BEGIN

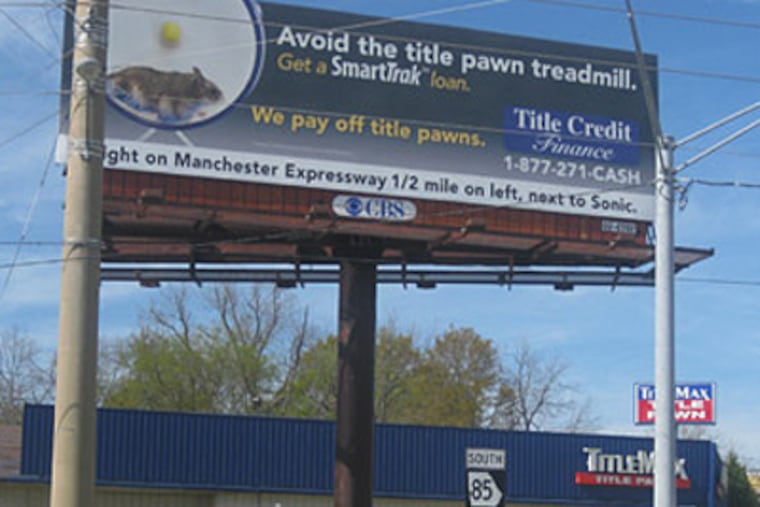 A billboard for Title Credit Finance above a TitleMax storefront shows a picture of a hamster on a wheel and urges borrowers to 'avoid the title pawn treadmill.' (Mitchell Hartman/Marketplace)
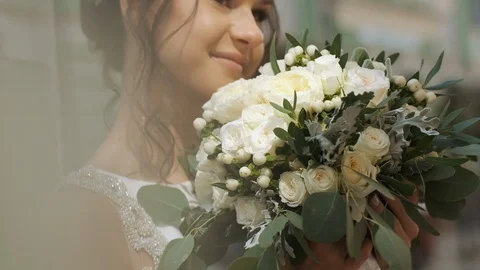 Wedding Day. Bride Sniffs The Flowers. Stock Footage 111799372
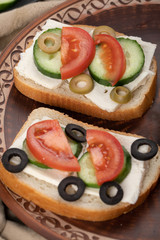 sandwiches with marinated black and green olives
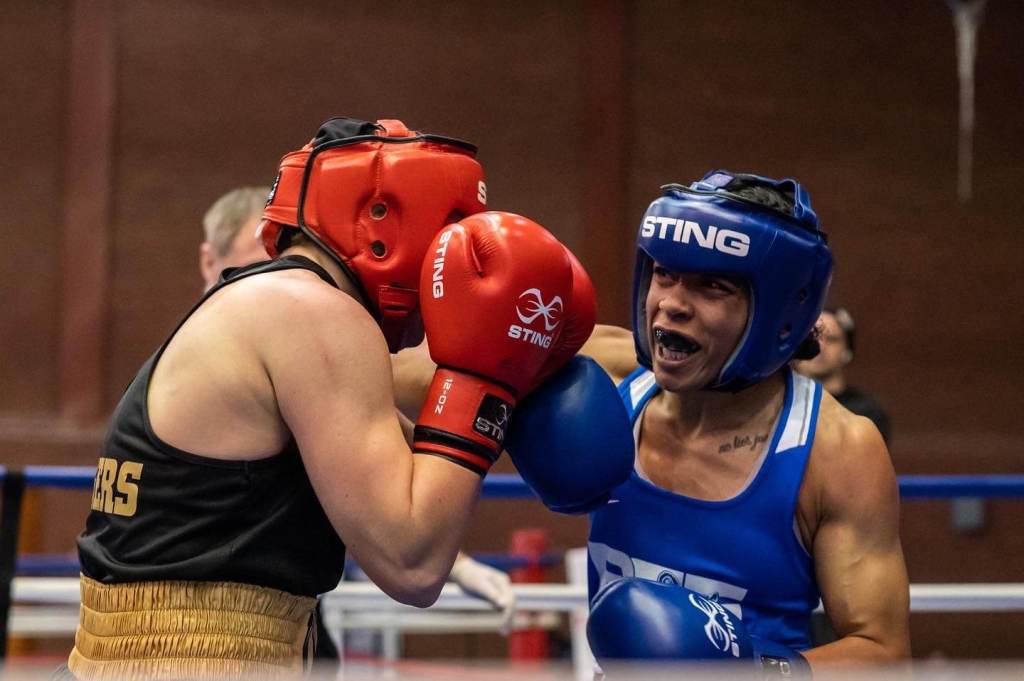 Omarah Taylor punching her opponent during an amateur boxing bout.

END

AIM OF THE TASK
The listing above must be retyped word for word, without the pictures.

OUTPUT FOR THIS EXERCISE
 A billboard for Title Credit Finance above a TitleMax storefront shows a picture of a hamster on a wheel and urges borrowers to 'avoid the title pawn treadmill.' (Mitchell Hartman/Marketplace)
 Wedding Day. Bride Sniffs The Flowers. Stock Footage 111799372
 sandwiches with marinated black and green olives
 Omarah Taylor punching her opponent during an amateur boxing bout.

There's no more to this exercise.